Fathers’ Day is not celebrated in the Church in the same way that Mothers’ Day is because it does not have its roots in a church tradition (Mothering Sunday). Arguably, however, more attention is given by the Church to fatherhood because ‘Father’ is a frequently used title for God. Indeed, the most commonly recited prayer begins ‘Our Father…’
As we have become increasingly aware of absent or abusive fathers (and mothers), we have sought either to explain the fatherhood of God in terms of being the perfect Father/Parent or to adopt other descriptors: Loving God; Eternal God, the list goes on. Other factors have also fuelled the debate: the challenge of the patriarchy of the church, and more recent discussions around the issues of gender. Some are dismissive of these factors informing ‘traditional Christian thinking’. Yet God is neither male nor female. Jesus himself said:
‘God is spirit, and those who worship him must worship in spirit and truth.’ (John 4:24)

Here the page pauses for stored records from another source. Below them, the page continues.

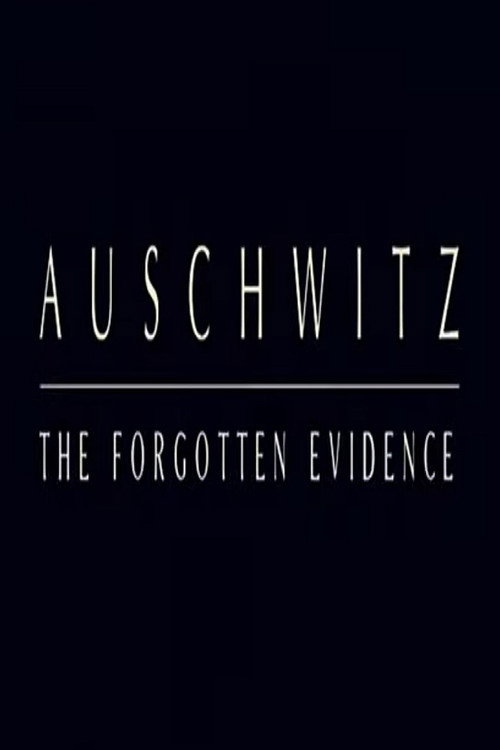 Auschwitz: The Forgotten Evidence (2004) poster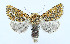  (Athaumasta sp - AV-0074-Noct.)  @13 [ ] No Rights Reserved (2011) A.V. Volynkin Unspecified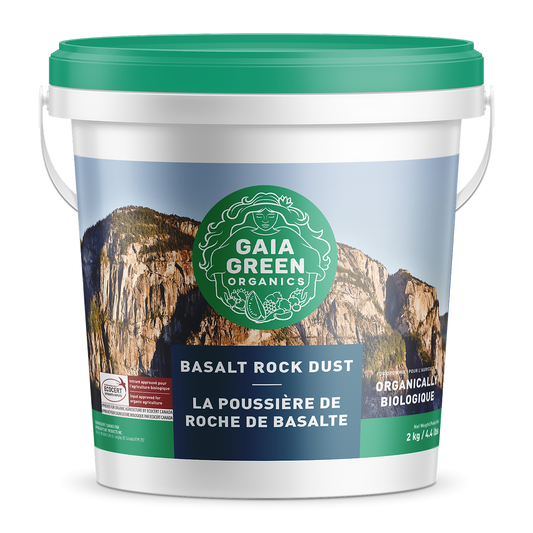 Poussière de roche de basalte vert Gaia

The complication comes in the personhood of God, for it would be unthinkable to call God ‘it’, which then only leaves the he, she pronouns. Some seek to avoid using such pronouns altogether, using the word God all the time. Others do talk in terms of she and her for God, but this is often dismissed as ‘political correctness gone mad’! Unlike some other languages, English isn’t gendered. In Hebrew the word for ‘spirit’ was a feminine word and increasingly people are adopting the female terms she and her when speaking of the Holy Spirit as a means of bringing some balance to the personal descriptors used for God. Wisdom is personified as female in the Bible (‘Sophia’) and some see this depiction as an Old Testament description of what came to be identified as the Holy Spirit in the New Testament, hence the female pronouns for the Holy Spirit.
The bottom line is that we need to use God language that is helpful to ourselves and others, but we must never forget that God is so much more than we can ever describe in any event. For some, God is the perfect Father or Parent; for some, God is pure Love. Again, the list goes on.